Given records:
>>>

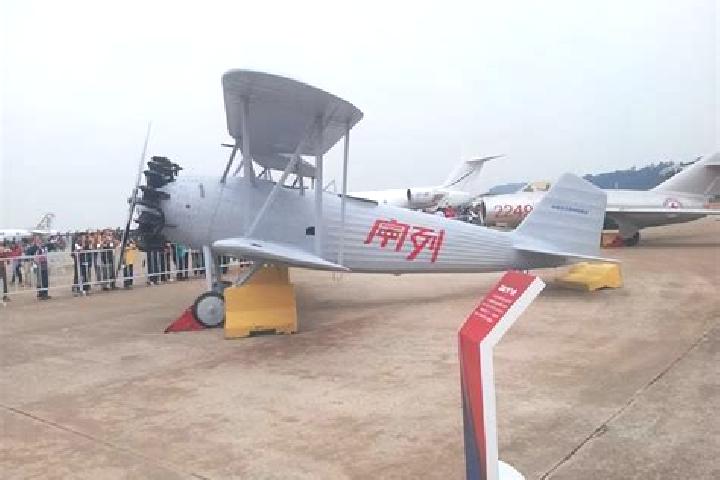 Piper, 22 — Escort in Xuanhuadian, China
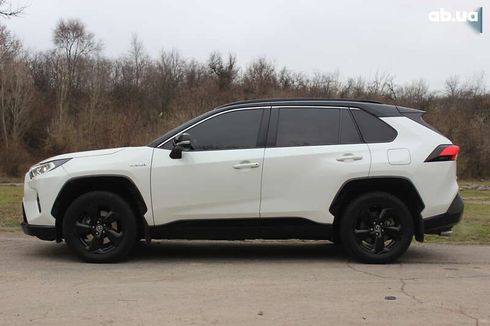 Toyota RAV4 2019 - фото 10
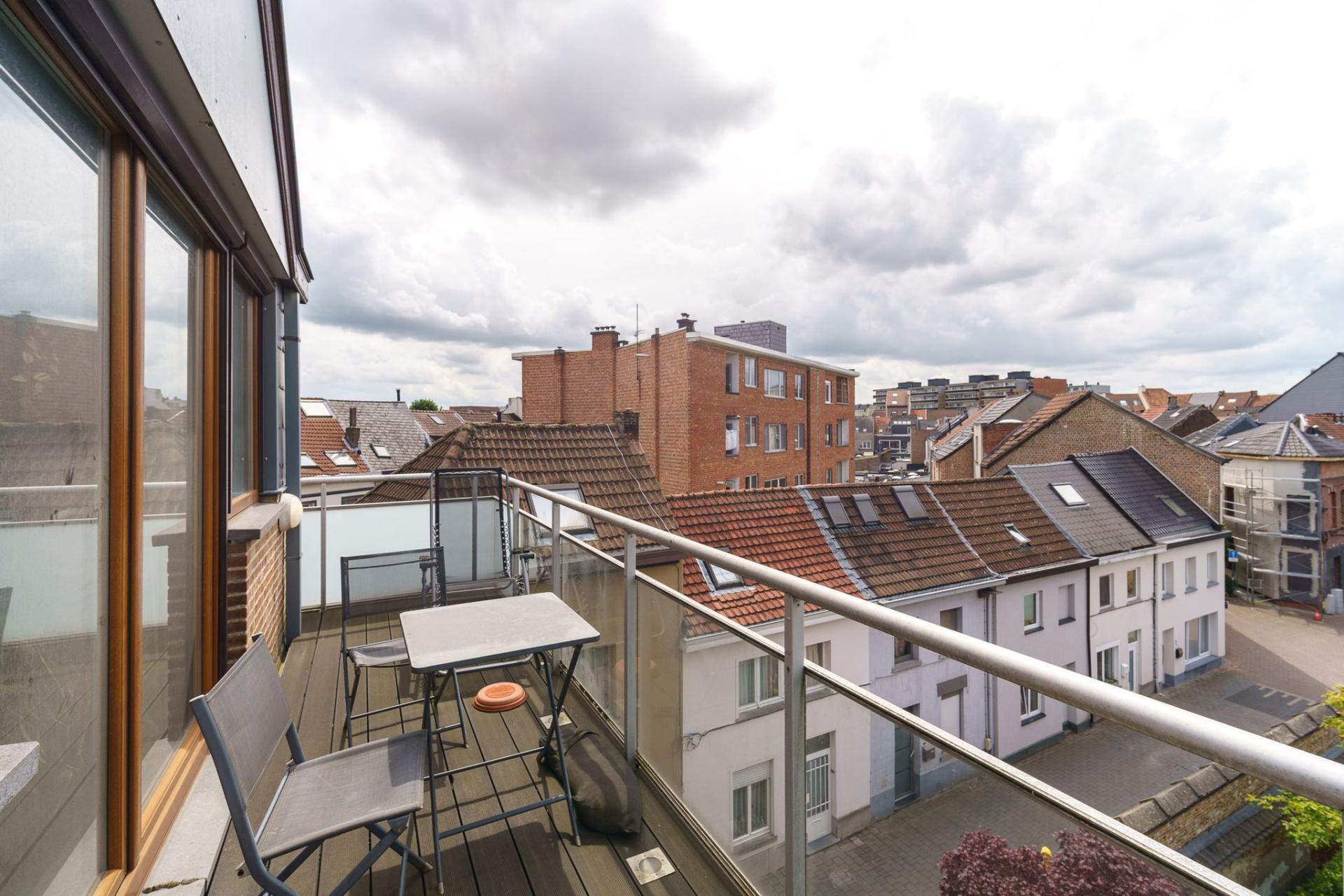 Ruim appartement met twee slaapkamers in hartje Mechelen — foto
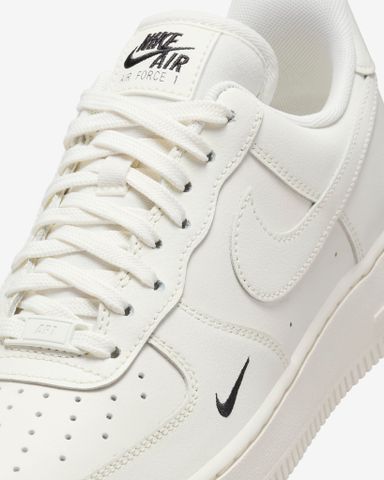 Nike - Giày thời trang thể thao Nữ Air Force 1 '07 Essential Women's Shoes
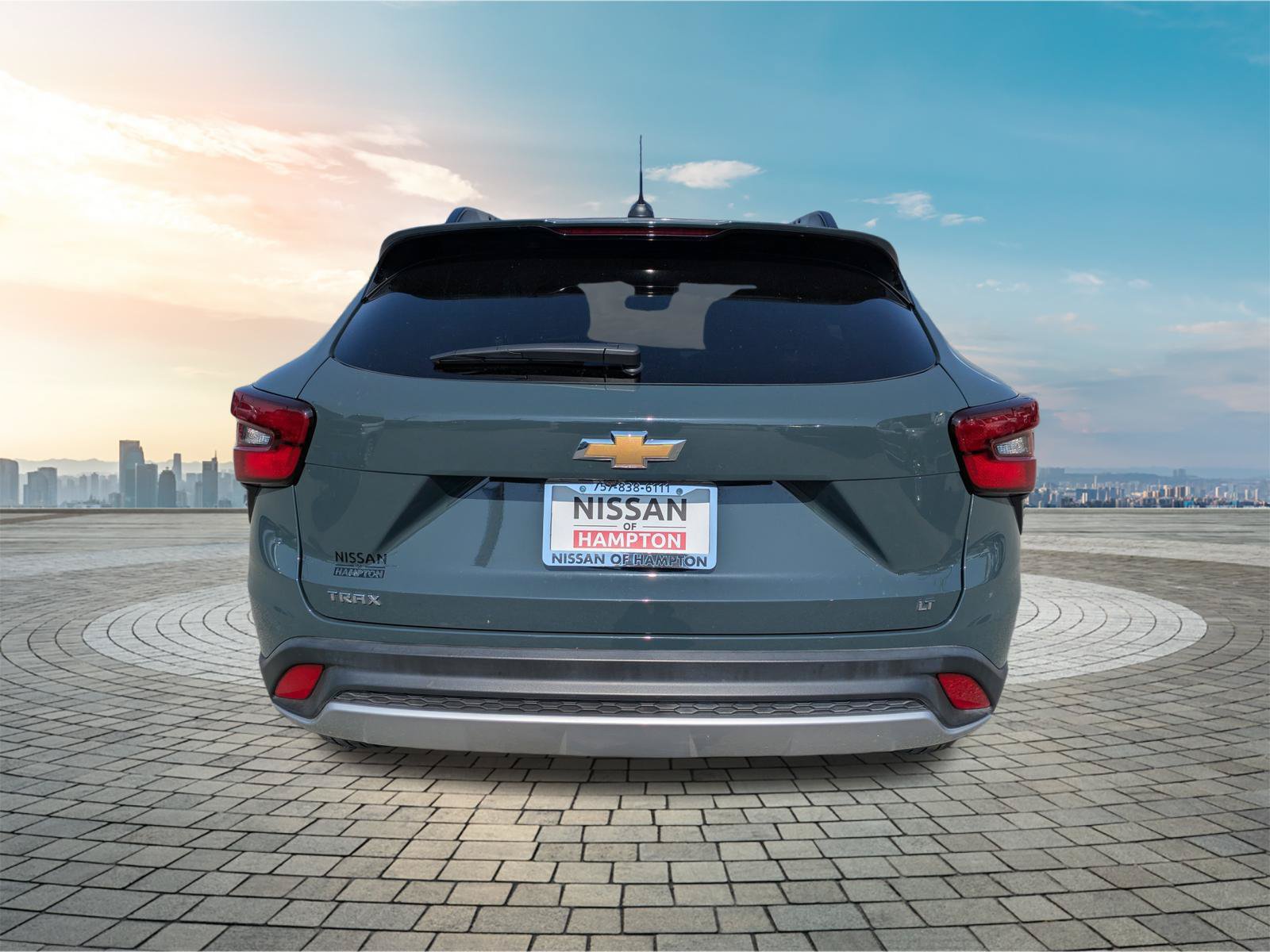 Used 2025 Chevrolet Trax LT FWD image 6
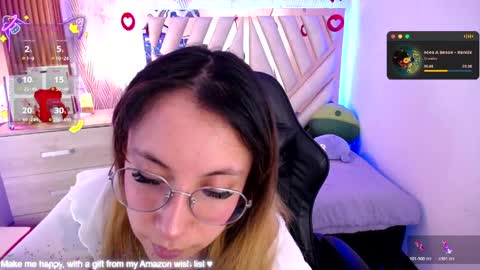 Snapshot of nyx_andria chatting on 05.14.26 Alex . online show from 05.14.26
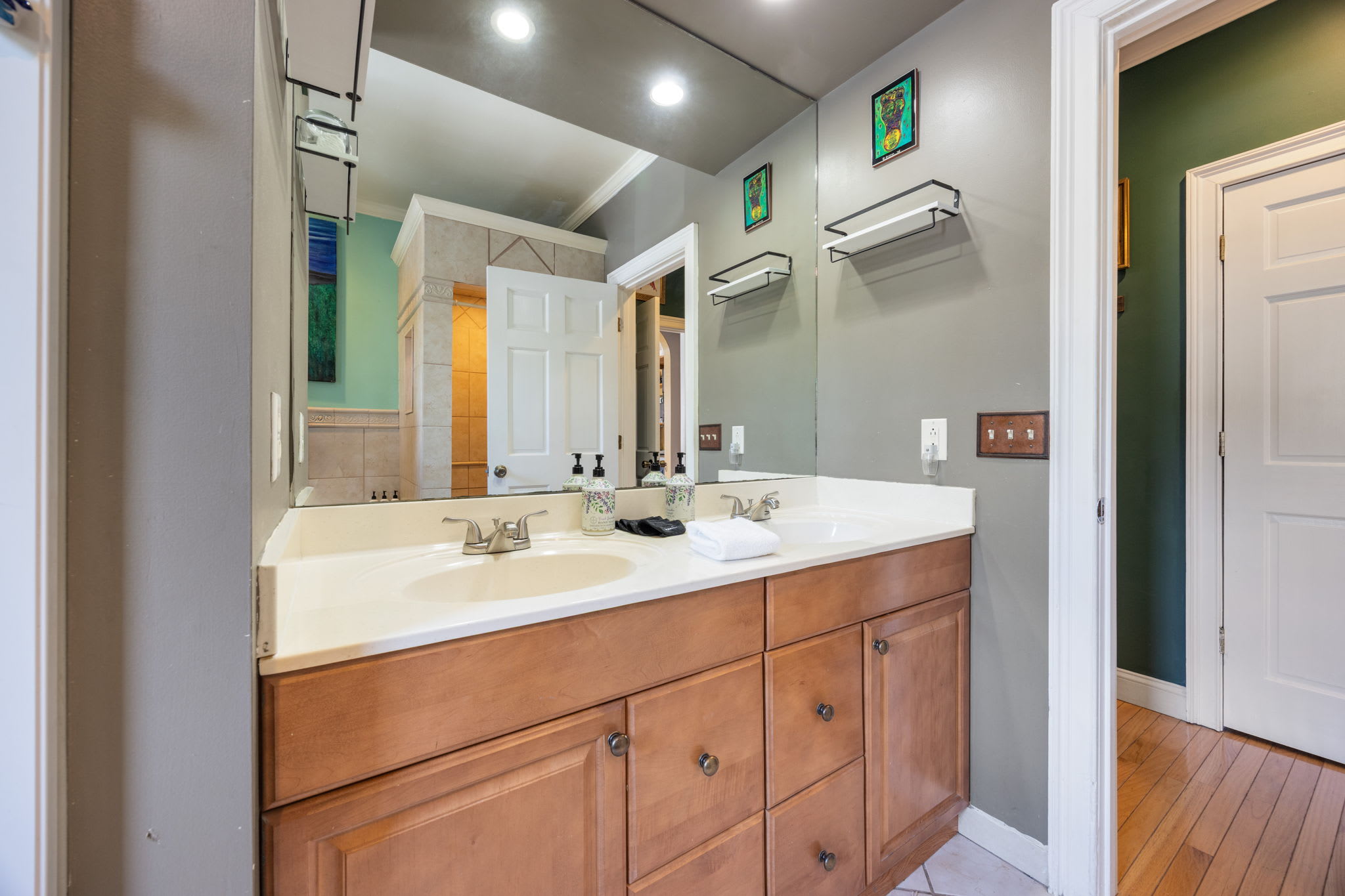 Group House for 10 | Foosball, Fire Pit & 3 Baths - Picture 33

<<<

Assignment: Pictures do not belong in the copy. Repeat exactly each line from the one with "Nike - Giày" through the end of the listing.

Answer below:
 Nike - Giày thời trang thể thao Nữ Air Force 1 '07 Essential Women's Shoes
 Used 2025 Chevrolet Trax LT FWD image 6
 Snapshot of nyx_andria chatting on 05.14.26 Alex . online show from 05.14.26
 Group House for 10 | Foosball, Fire Pit & 3 Baths - Picture 33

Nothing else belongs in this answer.